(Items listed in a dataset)
*****
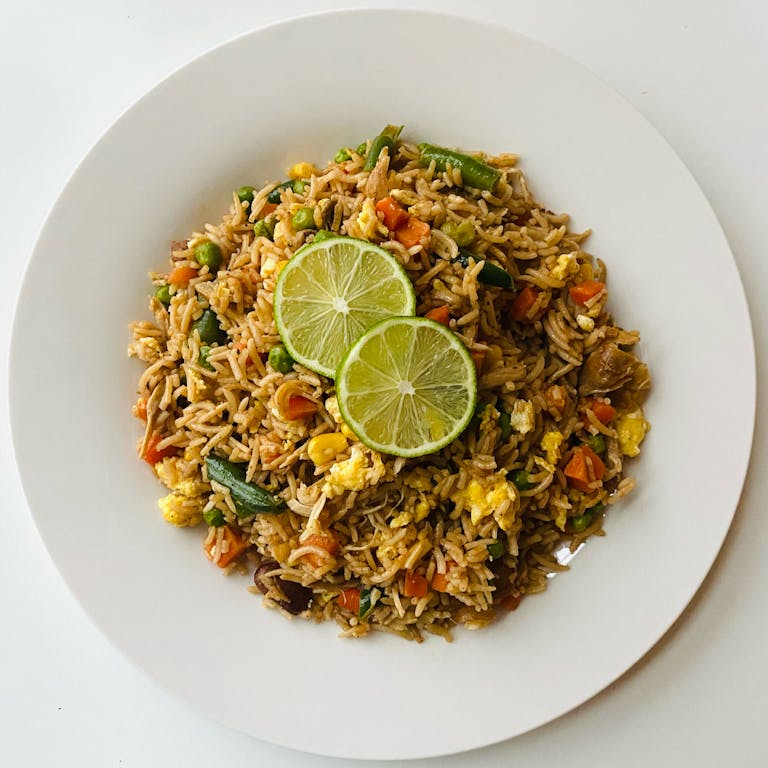 A delicious plate of vegetable fried rice topped with fresh lime slices.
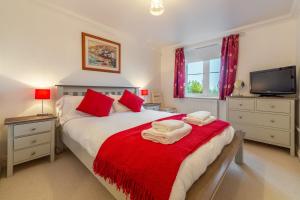 a bedroom with a bed with red pillows and a tv at Blue Horizon in Carbis Bay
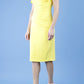 model wearing diva catwalk Bodiam Bodycon Pencil Dress with frill sleeves in knee length and pleating across the tummy in blazing yellow front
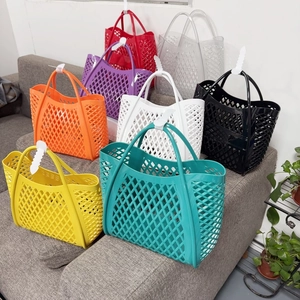 Stack of colorful hollow-out silicone tote bags in various vibrant shades on a sofa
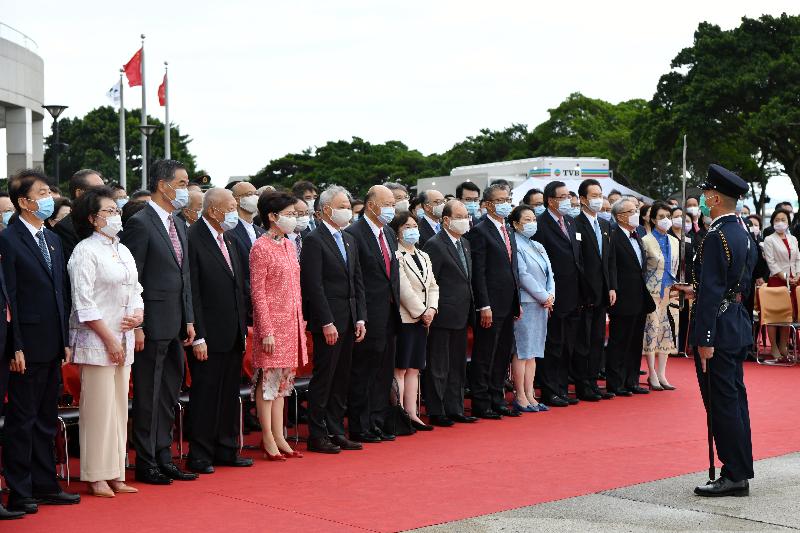 The Chief Executive, Mrs Carrie Lam (front row, fifth left), and her husband Dr Lam Siu-por (front row, sixth left); the Chief Justice of the Court of Final Appeal, Mr Geoffrey Ma Tao-li (front row, seventh left) and his wife, Madam Justice Maria Candace Yuen (front row, eighth left); Vice-Chairman of the National Committee of the Chinese People's Political Consultative Conference (CPPCC) Mr Tung Chee Hwa (front row, fourth left); Vice-Chairman of the National Committee of the CPPCC Mr C Y Leung (front row, third left) and his wife, Mrs Regina Leung (front row, second left); former Chief Executive Mr Donald Tsang (front row, second right) and his wife, Mrs Selina Tsang (front row, first right); the Director of the Liaison Office of the Central People's Government in the Hong Kong Special Administrative Region, Mr Luo Huining (front row, first left); the Chief Secretary for Administration, Mr Matthew Cheung Kin-chung (front row, seventh right); the Financial Secretary, Mr Paul Chan (front row, sixth right); the Secretary for Justice, Ms Teresa Cheng, SC (front row, fifth right); the President of the Legislative Council, Mr Andrew Leung (front row, fourth right); the Convenor of the Non-official Members of the Executive Council, Mr Bernard Chan (front row, third right), together with Principal Officials and guests, attend the flag-raising ceremony for the 71st anniversary of the founding of the People's Republic of China at Golden Bauhinia Square in Wan Chai this morning (October 1).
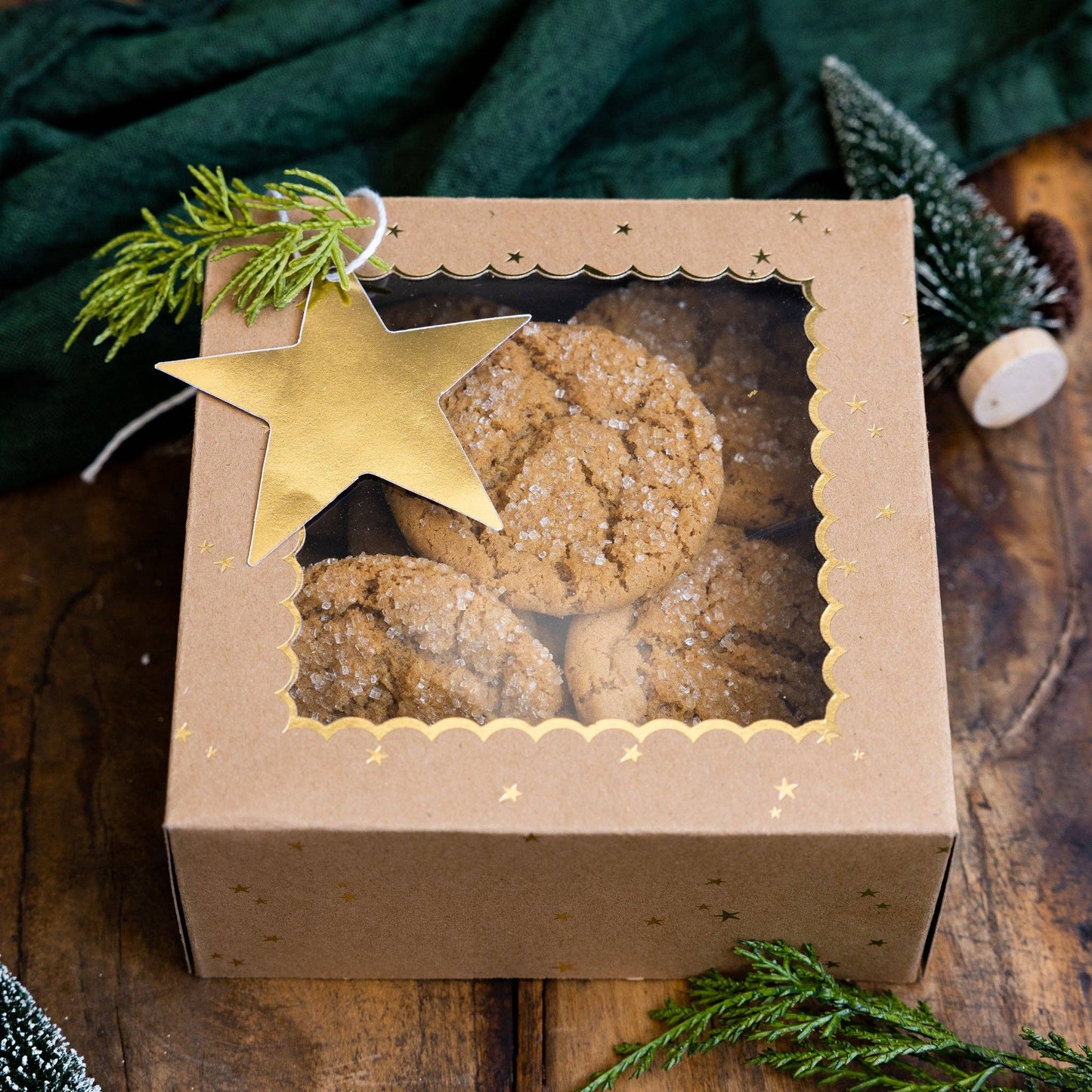 Box of cookies with a gold star gift tag on a wooden table with greenery.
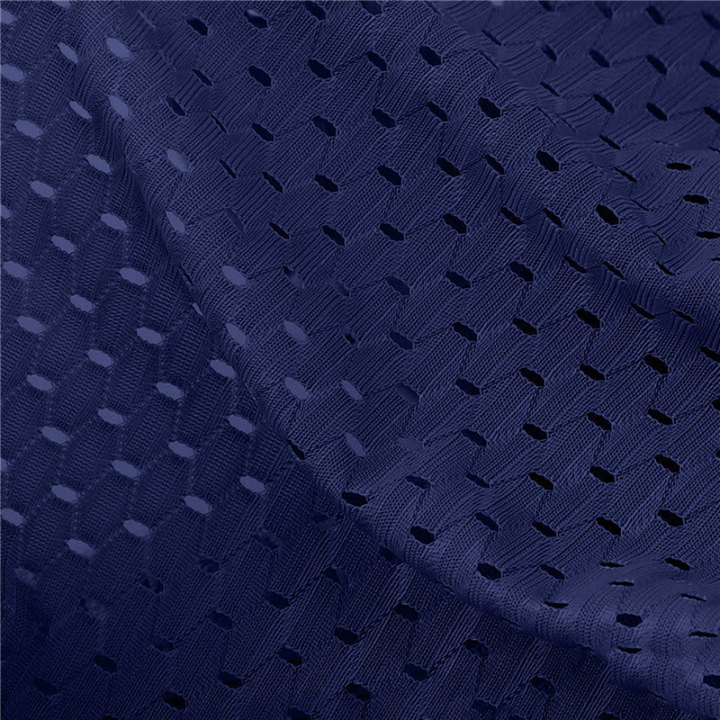Close-up of navy blue perforated mesh fabric, showing the small oval holes in the woven texture 4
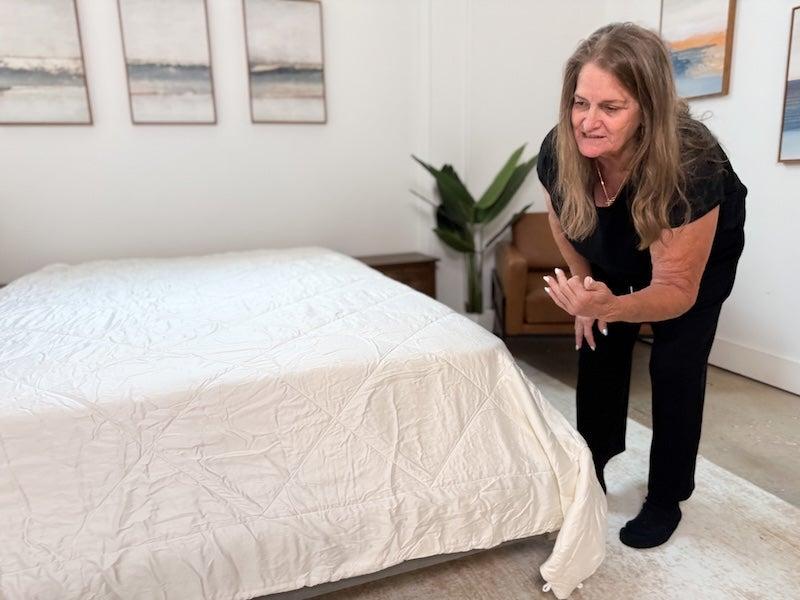 A tester bends down next to a bed to look at the Cozy Earth comforter.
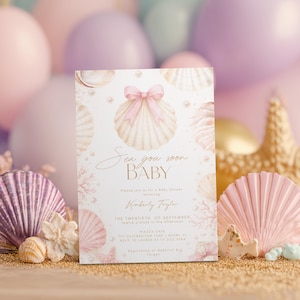 May include: A baby shower invitation with a seashell theme. The invitation features a watercolor seashell with a pink bow, surrounded by other seashells and pearls. Text on the invitation reads "Sea you soon BABY".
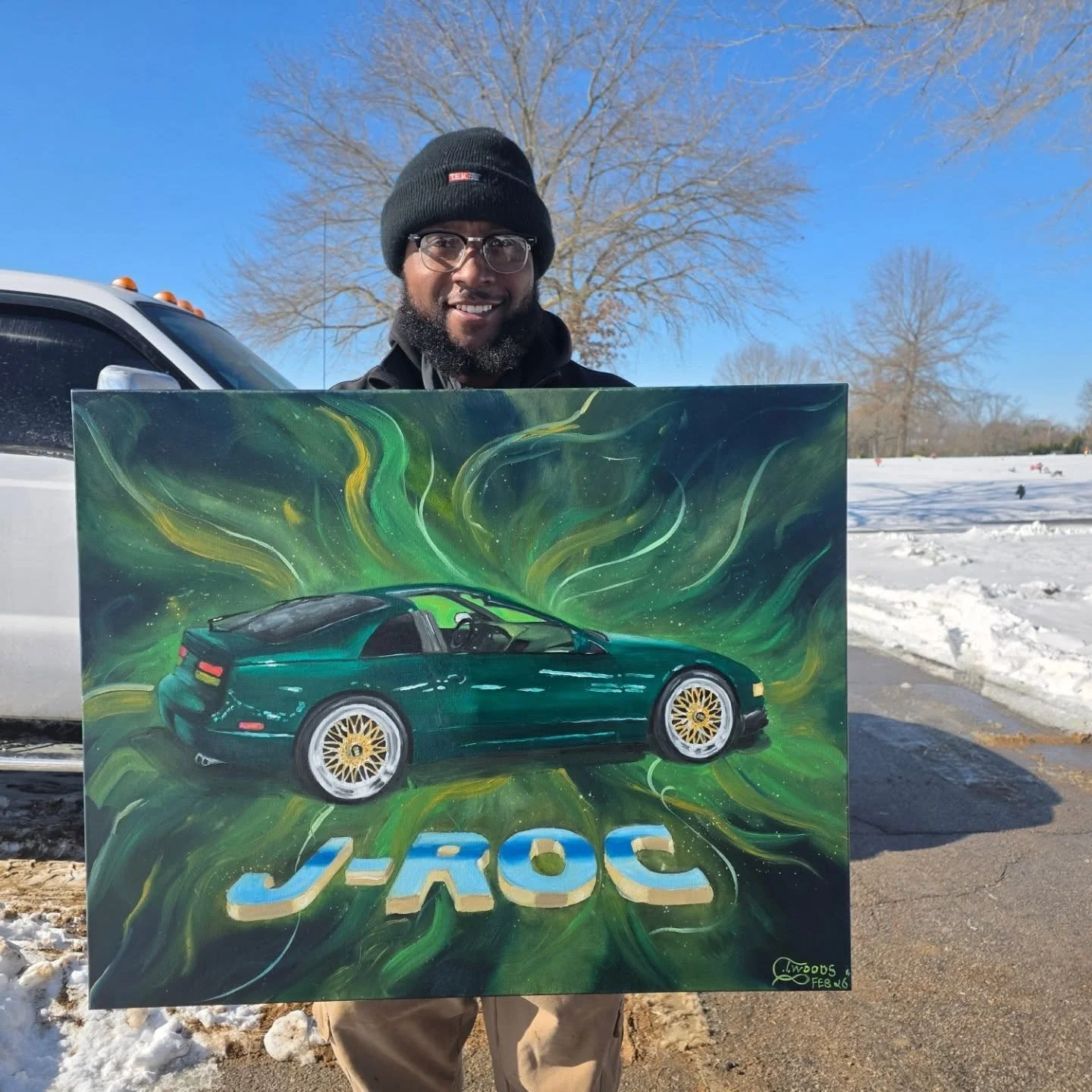 A smiling man wearing glasses and a black beanie stands outdoors in winter, holding a colorful painting of a green sports car with the letters JROC below it, against a backdrop of snow and leafless trees.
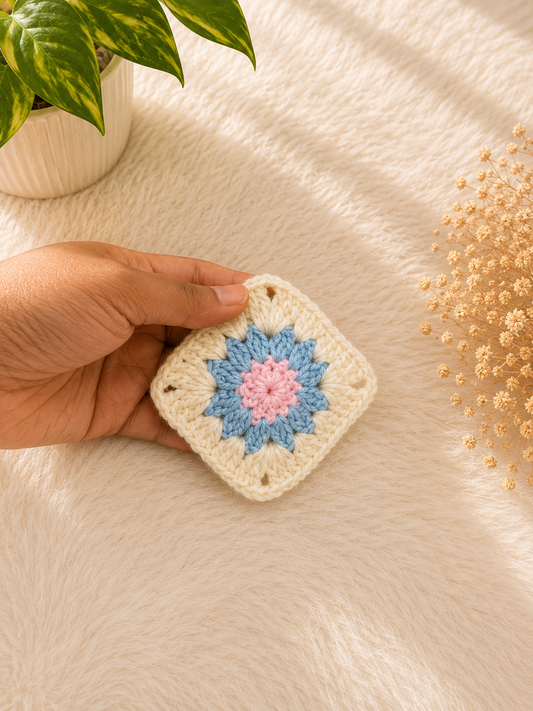 Handmade floral crochet coaster featuring pastel blue and blush pink flower detailing on an ivory granny square base, crafted from premium cotton yarn by The Hook Project.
*****
(Problem to solve): From the first line of the entries down to the line with "Stack of colorful", print each line exactly; omit any picture.

(Result for this exercise):
 A delicious plate of vegetable fried rice topped with fresh lime slices.
 a bedroom with a bed with red pillows and a tv at Blue Horizon in Carbis Bay
 model wearing diva catwalk Bodiam Bodycon Pencil Dress with frill sleeves in knee length and pleating across the tummy in blazing yellow front
 Stack of colorful hollow-out silicone tote bags in various vibrant shades on a sofa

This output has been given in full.